> _Data for this exercise_:
____________
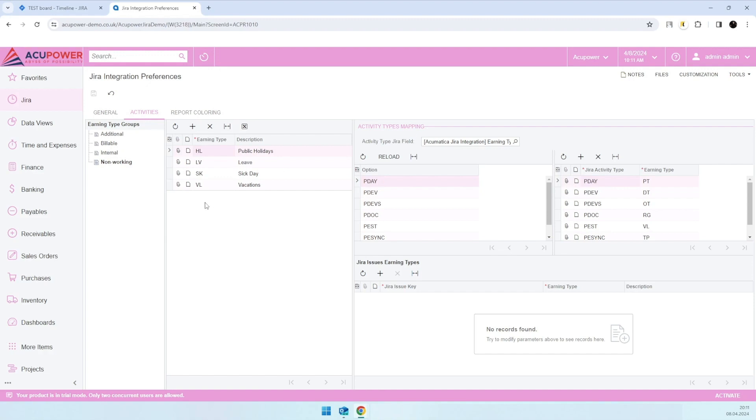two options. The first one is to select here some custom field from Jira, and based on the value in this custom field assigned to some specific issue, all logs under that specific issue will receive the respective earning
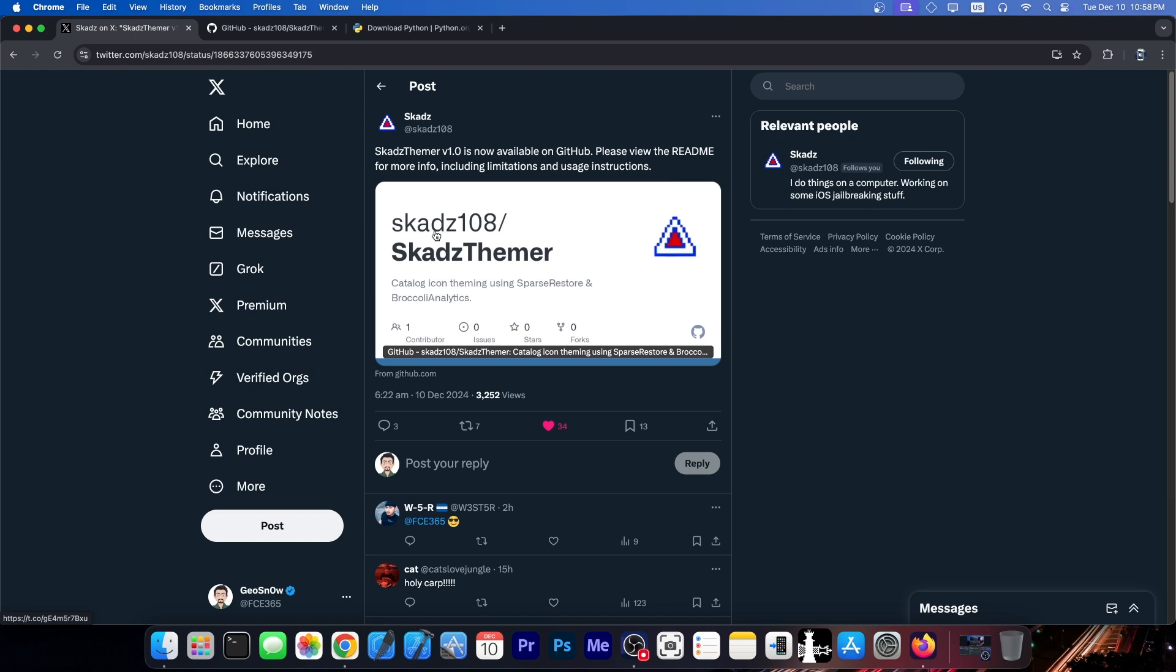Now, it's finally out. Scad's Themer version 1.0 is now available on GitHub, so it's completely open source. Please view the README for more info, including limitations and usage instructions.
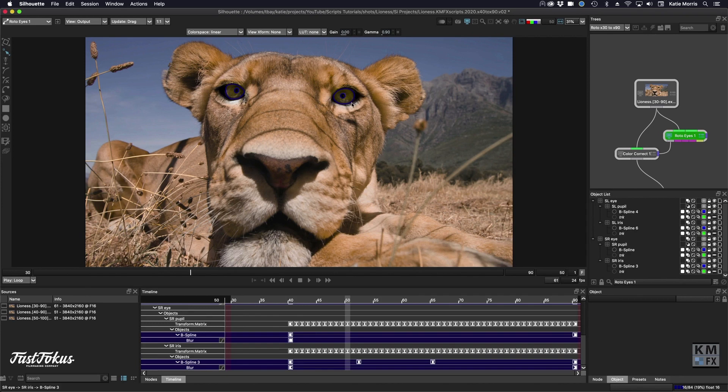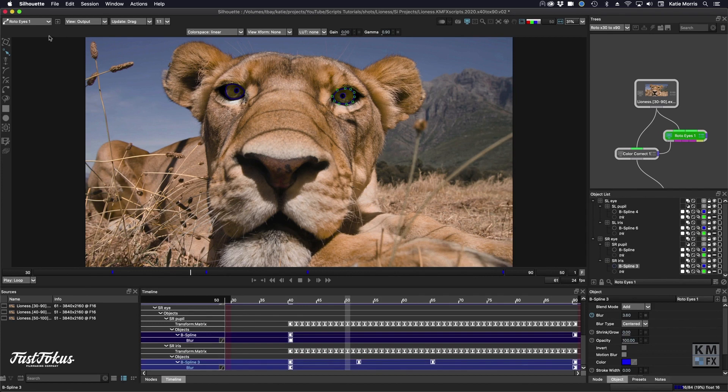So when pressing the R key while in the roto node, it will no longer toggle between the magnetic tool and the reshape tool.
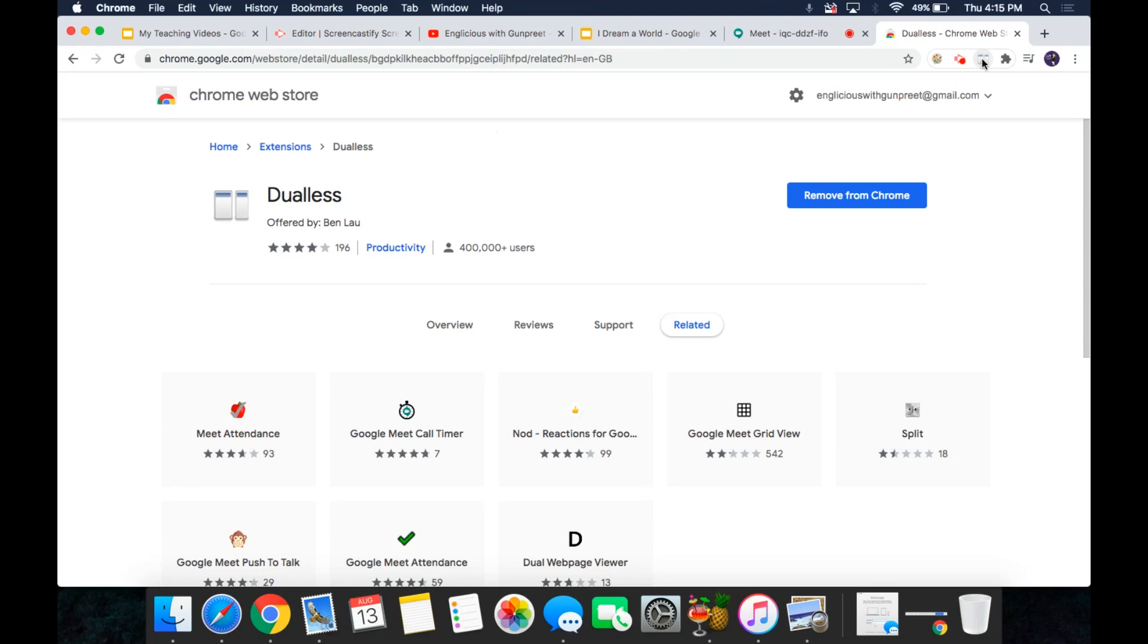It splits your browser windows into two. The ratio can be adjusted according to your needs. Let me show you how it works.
____________
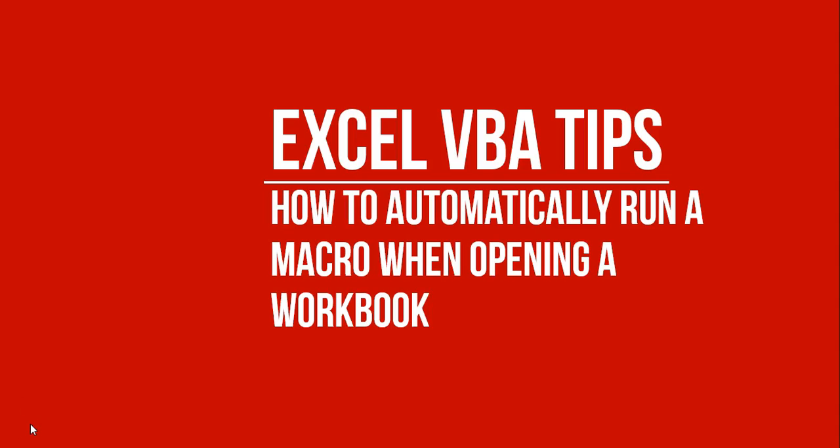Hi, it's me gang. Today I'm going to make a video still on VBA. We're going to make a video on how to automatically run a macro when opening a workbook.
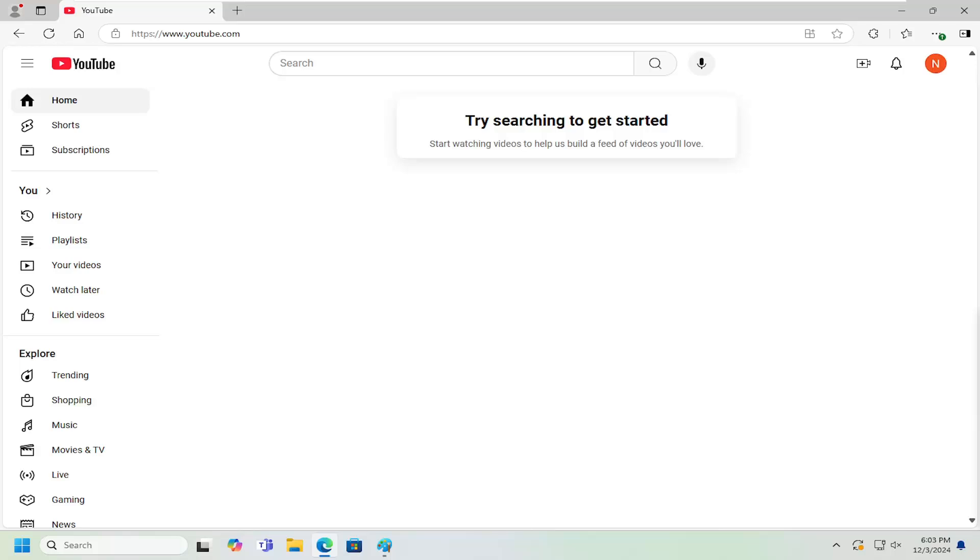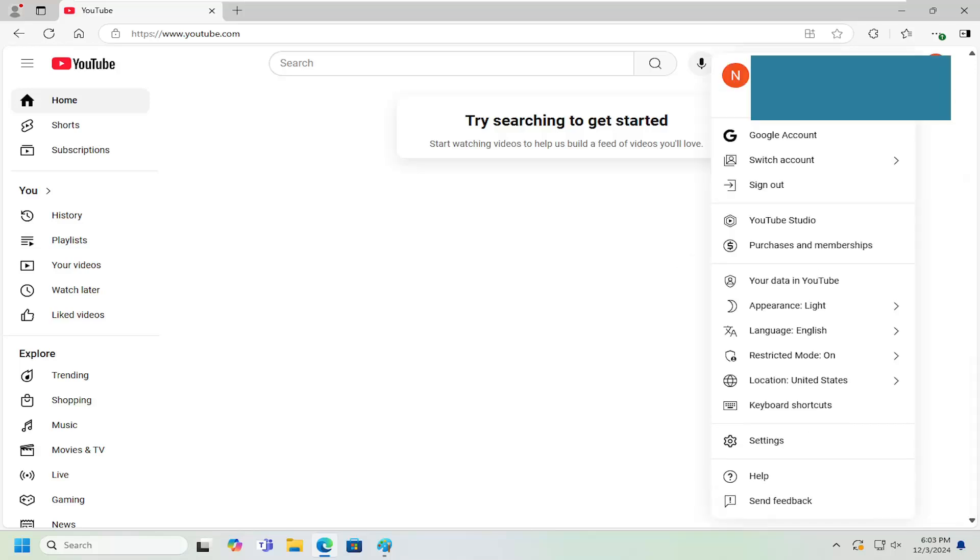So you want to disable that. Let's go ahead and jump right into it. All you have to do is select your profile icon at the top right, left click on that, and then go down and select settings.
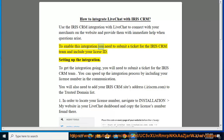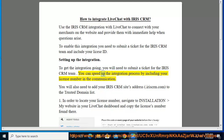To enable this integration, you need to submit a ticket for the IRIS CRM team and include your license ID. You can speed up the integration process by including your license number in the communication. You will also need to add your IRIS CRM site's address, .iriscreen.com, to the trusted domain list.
____________
> _What is expected_:
Make an exact copy of the lines above, beginning with the line with "two options. The" and ending with the line with "It splits your", and keep the pictures out of it.

> _Task answer_:
two options. The first one is to select here some custom field from Jira, and based on the value in this custom field assigned to some specific issue, all logs under that specific issue will receive the respective earning
Now, it's finally out. Scad's Themer version 1.0 is now available on GitHub, so it's completely open source. Please view the README for more info, including limitations and usage instructions.
So when pressing the R key while in the roto node, it will no longer toggle between the magnetic tool and the reshape tool.
It splits your browser windows into two. The ratio can be adjusted according to your needs. Let me show you how it works.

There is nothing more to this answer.